For most women, Farrell’s was an offer they could not refuse. But Atkins did not turn her back on the prospect of a roll in the film company’s hotel bed — they were making a film, Ask The Dust, due for release later this year — for a one-night stand on moral grounds. Or because she believes in the seventh commandment which stipulates, “Thou shalt not commit adultery”. She is, after all, married; her second husband is the film producer Bill Shepherd and, according to her agent, “as far as I know they are happily married”.
Asked whether she was tempted, Atkins said: “Of course I was!” But instead of opening a bottle of champagne and swinging with the Devil, she told how she followed the advice of another respected British actress and, in her time, femme fatale, Sîan Phillips. Ms Phillips, according to Atkins, tells over-excited Lotharios who want to get intimate, “this is deeply inappropriate”.
As foreplay, that remark sounds like the verbal equivalent of a cold shower though it obviously had no effect on Farrell. Maybe he was too hot to cool down. I have to say, there are questions which this chat show failed to answer. Such as, did he knock on her door and ask if he could borrow some toothpaste? Why did she let him in? Why not put him out of his misery by saying “I am married”, a much more persuasive turn-off, I’d have thought, than the “deeply inappropriate”, a quaint line which sounds more like one of her own scripts from Upstairs Downstairs.

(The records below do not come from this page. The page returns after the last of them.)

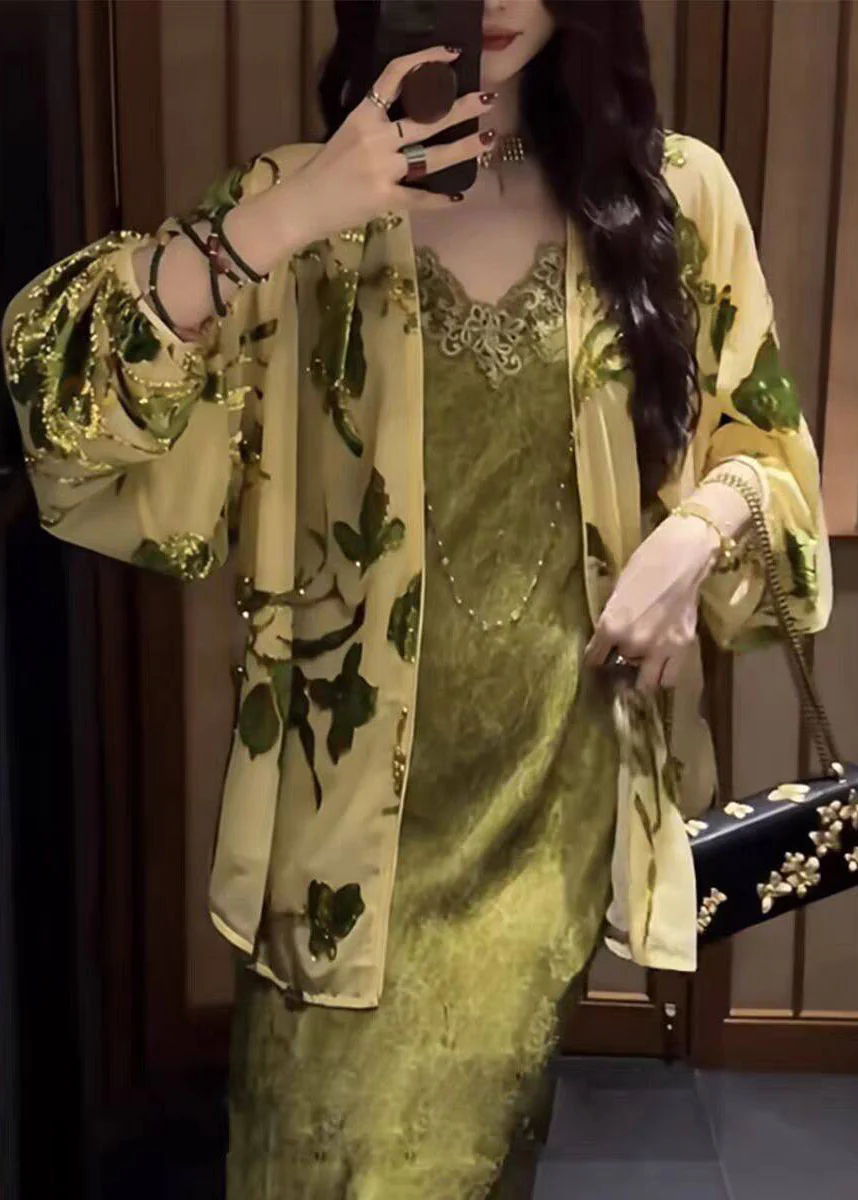 Chinese Style Yellow V Neck Print Silk Velvet Cardigans Long Sleeve - Image 2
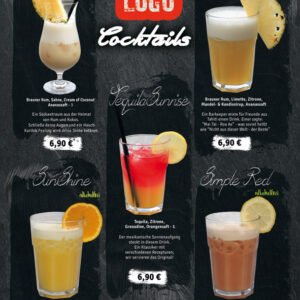 individuelle Cocktail Karte zum einschieben (nur GASTRO)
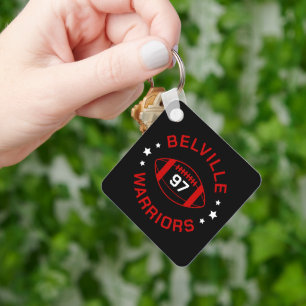 Porte-clés Numéro de maillot de football noir et rouge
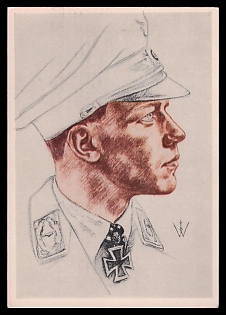 High Rank Military Personnel Portrait Third Reich Nazi Propaganda Postcard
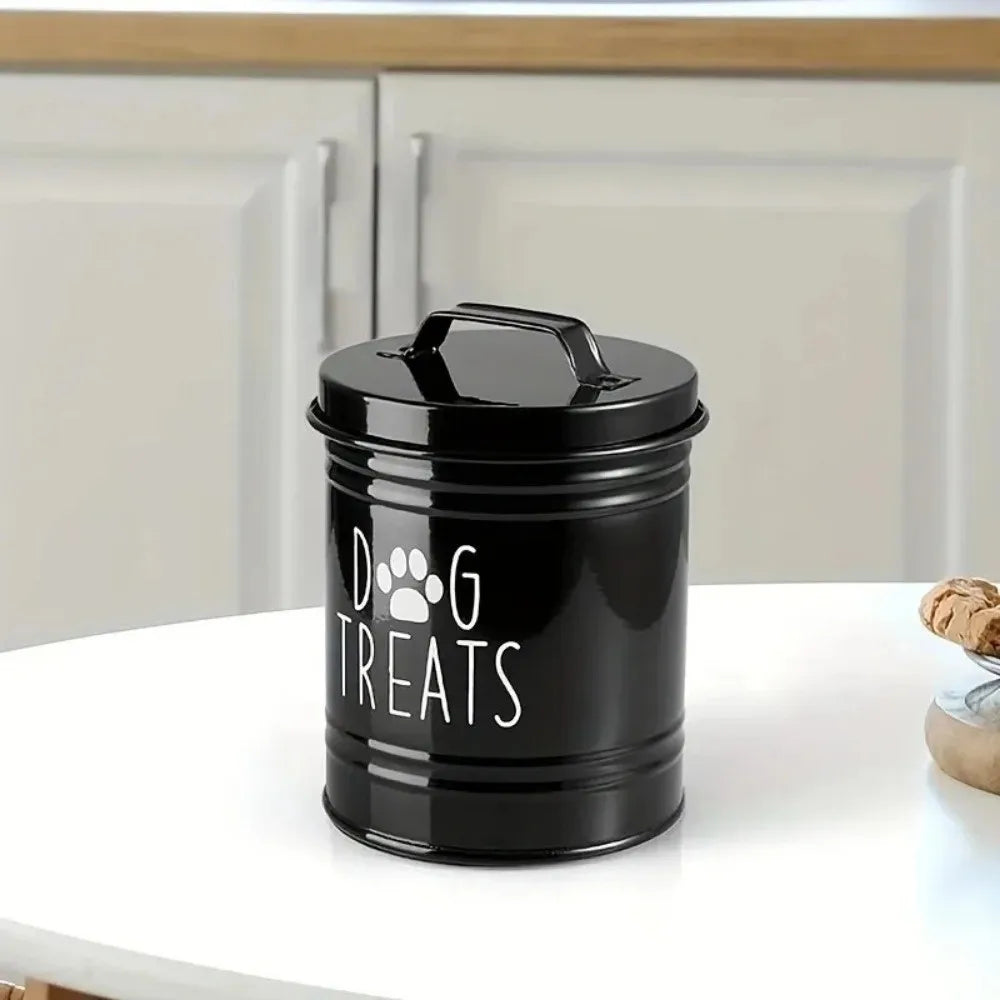 Large Capacity Dog Food Storage Container Airtight with Lids Pet Treat Container Moisture-Proof Metal Dog Treat Jar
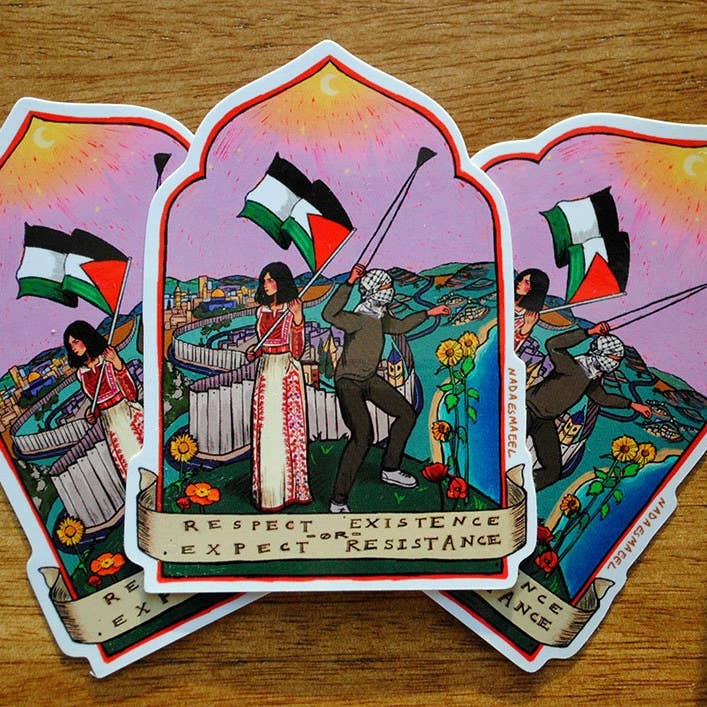 Respect Existence Palestine Sticker for wholesale by Nada's Ink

It took an inordinately long time for Atkins to say “no”. Most decent men, even if their libido has gone into overdrive, get the message quicker than two-and-a-half hours. Methinks the Dame doth protest too much.
Maybe she toyed with the boy just a little? Said the sort of “No” that men mistake for “Maybe”? And who would blame her? The sort of scenario she describes fuels the fantasies of thousands of lovelorn older women.
One of the chat-up lines Farrell apparently used was: “The reason you won’t do it is because your body isn’t as good as it was when you were young, isn’t it? That’s why you’re saying No. I don’t care about that. I don’t care.” He sounds like the perfect gentleman to me, even if he was on the make.
Atkins’s reponse to this chivalrous speech was: “But I’m too proud of how I looked when I was younger. My body is still the same weight, but it’s all distributed in a different way!” What intrigues me about this reaction is that it is so actressy. So vain. Or is it that skinny women age exceptionally badly? Do they look like scraggy, plucked chickens when they are naked? Could it be that those Rubenesque females who have been fighting the flab for 50 years will at last reap the harvest?
I am nowhere near 70 but not that far off either and I have yet to be worried about showing off my naked body. Certainly not enough to pass on a romp with Alexander the Great. The movie may have been a flop but I bet Colin Farrell isn’t.